Problem to work on: Write out, with no changes, every line starting at the one that contains "最蓝安卓系统版本,引领科技前沿的里程碑" and ending at the last line of the data below. Leave pictures out.

#### Dataset content

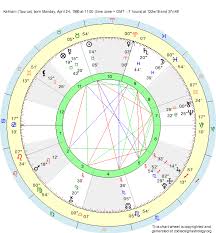 Birth Chart Kehlani Taurus Zodiac Sign Astrology
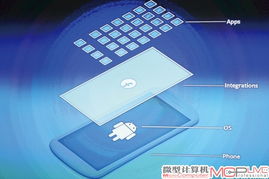 最蓝安卓系统版本,引领科技前沿的里程碑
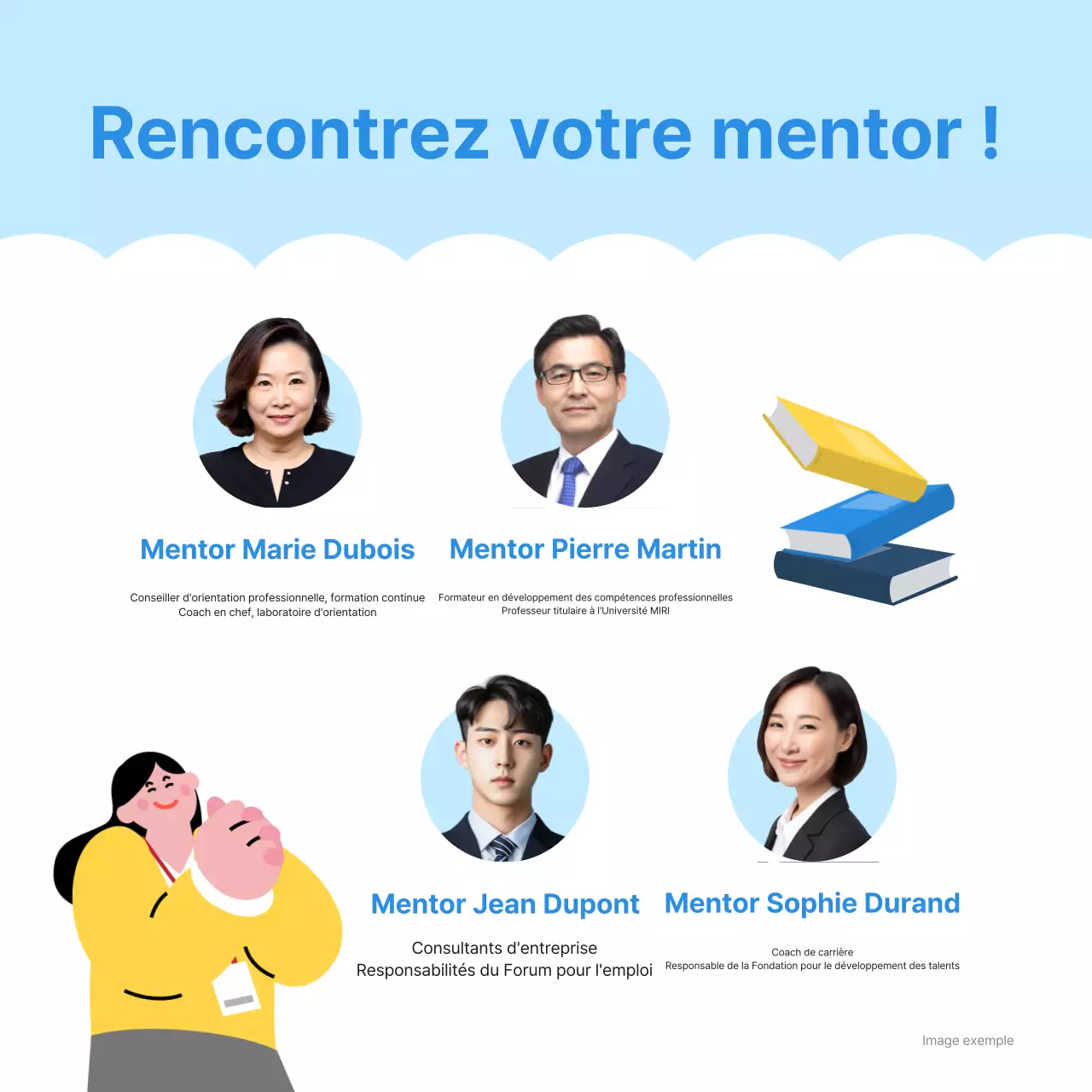 Recrutement de jeunes hommes en bleu clair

########

Response:
 最蓝安卓系统版本,引领科技前沿的里程碑
 Recrutement de jeunes hommes en bleu clair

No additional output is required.